(RECORDS)

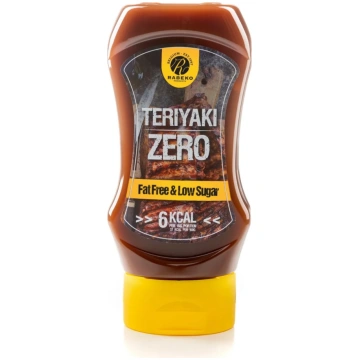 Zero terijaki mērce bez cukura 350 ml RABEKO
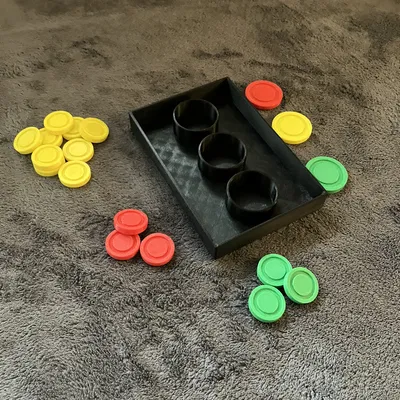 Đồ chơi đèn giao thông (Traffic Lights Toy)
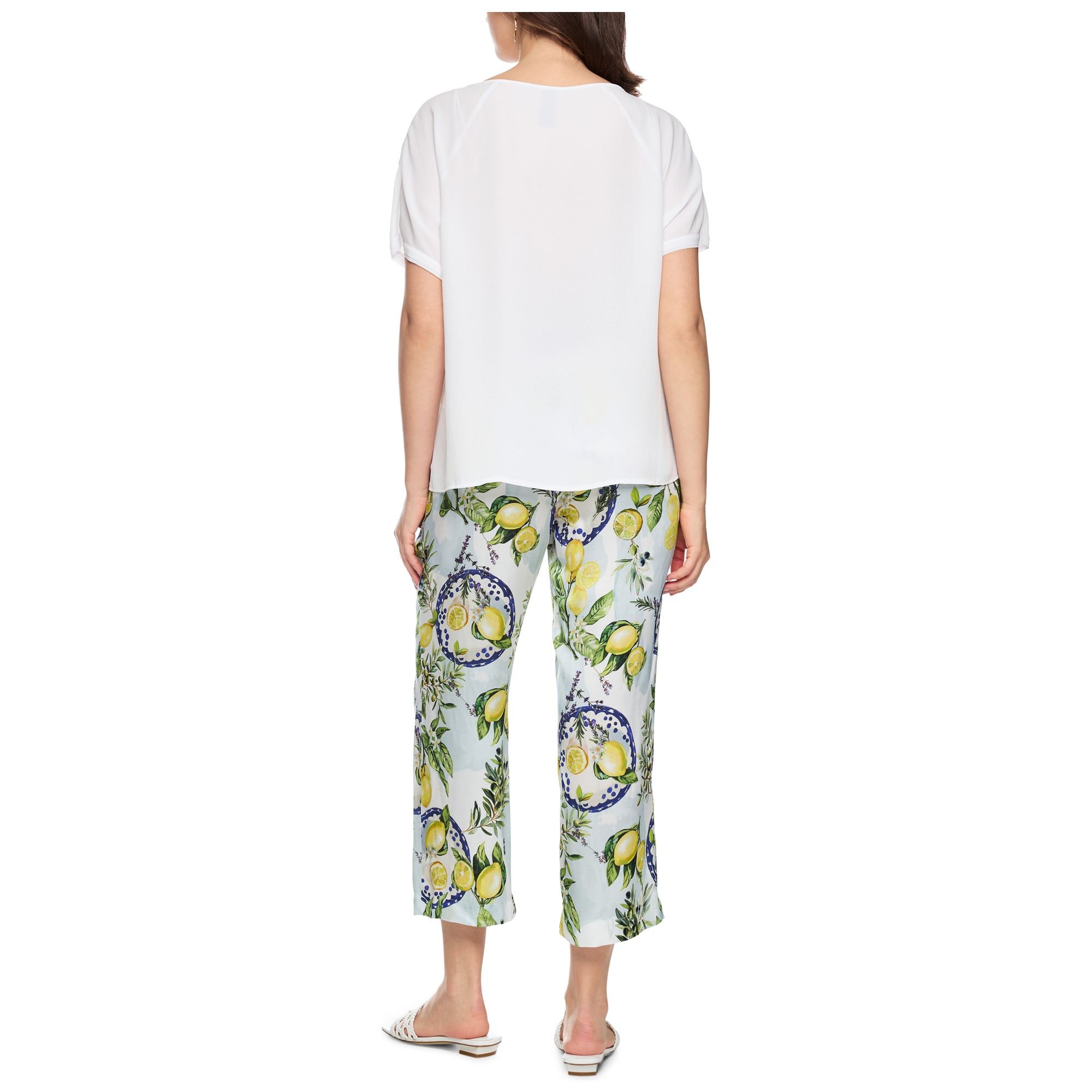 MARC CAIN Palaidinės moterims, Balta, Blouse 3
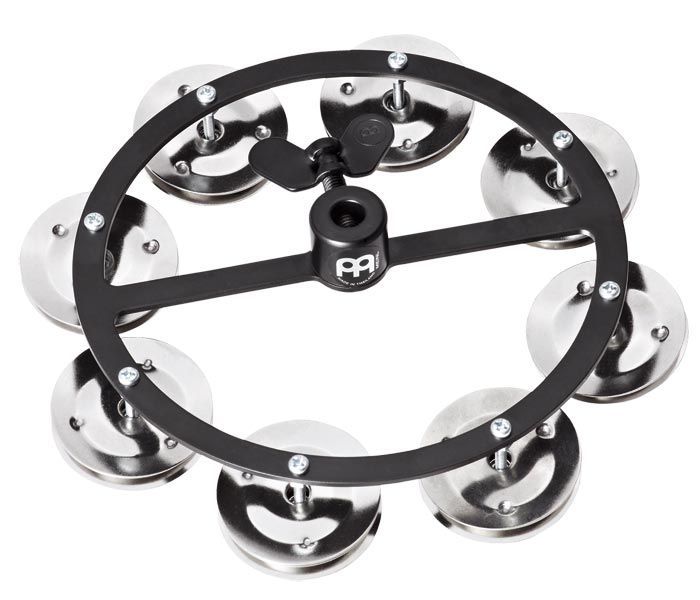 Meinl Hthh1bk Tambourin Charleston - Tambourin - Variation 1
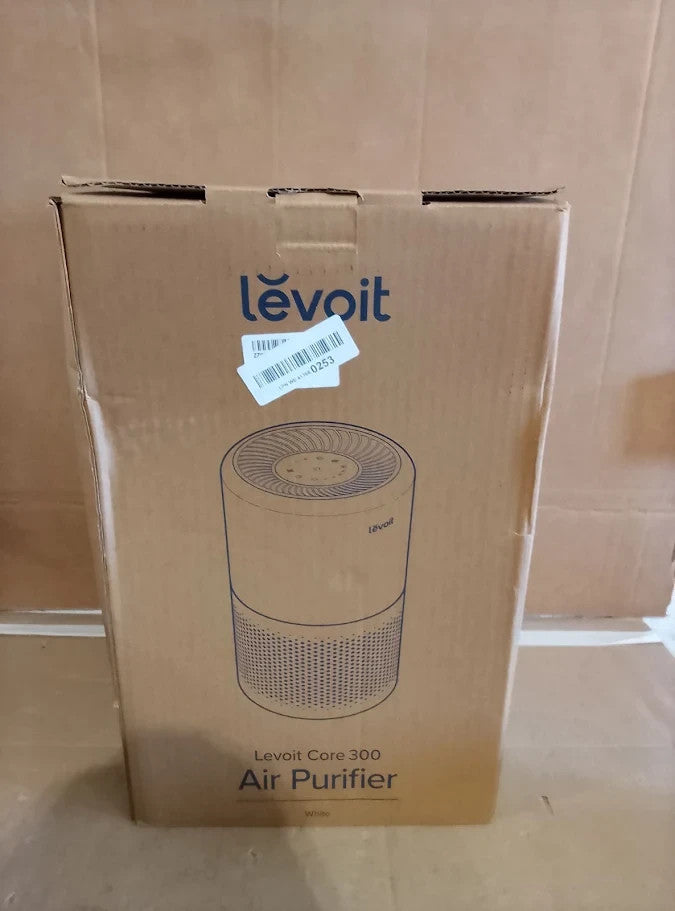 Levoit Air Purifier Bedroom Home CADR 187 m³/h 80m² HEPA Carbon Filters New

(End RECORDS)

_WHAT YOU SHOULD DO:_
All the records above need to be given again word for word. Skip the pictures.

_ANSWER SECTION:_
 Zero terijaki mērce bez cukura 350 ml RABEKO
 Đồ chơi đèn giao thông (Traffic Lights Toy)
 MARC CAIN Palaidinės moterims, Balta, Blouse 3
 Meinl Hthh1bk Tambourin Charleston - Tambourin - Variation 1
 Levoit Air Purifier Bedroom Home CADR 187 m³/h 80m² HEPA Carbon Filters New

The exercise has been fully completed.